▶ **Collected material**:
'''

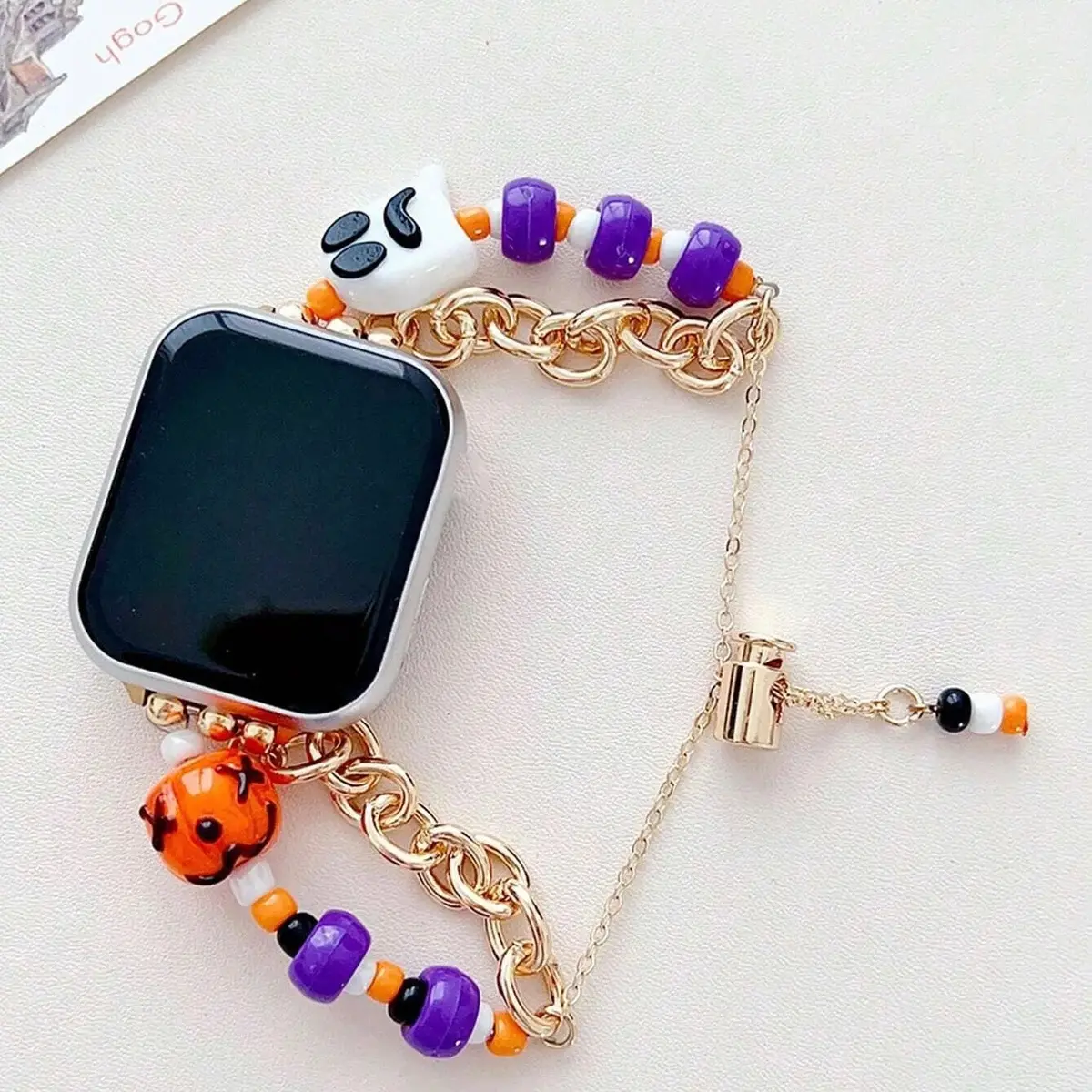 Wickedly Charming Beaded Steel Bracelet Band For Apple Watch 1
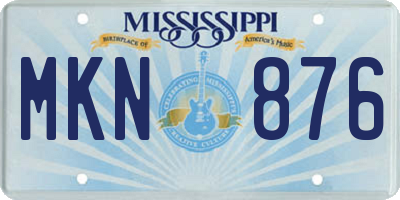 MS license plate MKN876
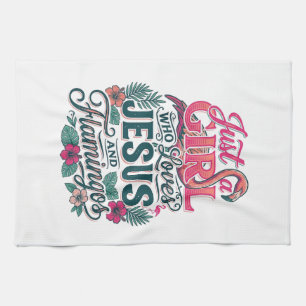 Christian Flamingo Girl Vintage Kitchen Towel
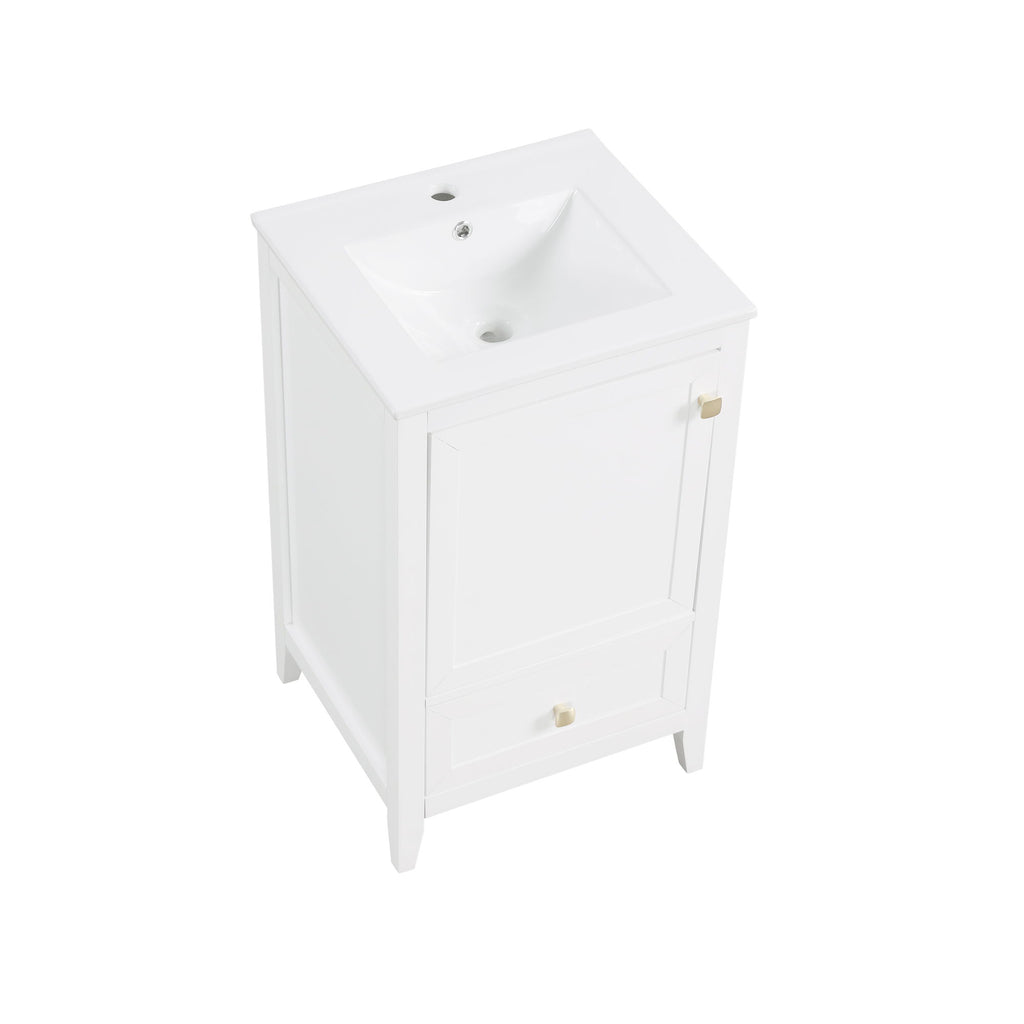 Bathroom Vanity With Sink, Soft Closing Cabinet Door, Storage Rack And Drawer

'''

Exact reproduction is required. Output only the lines from the one with "Christian Flamingo Girl" through the end of the listing above, both ends included, and no pictures.

▶ **Exercise solution**:
 Christian Flamingo Girl Vintage Kitchen Towel
 Bathroom Vanity With Sink, Soft Closing Cabinet Door, Storage Rack And Drawer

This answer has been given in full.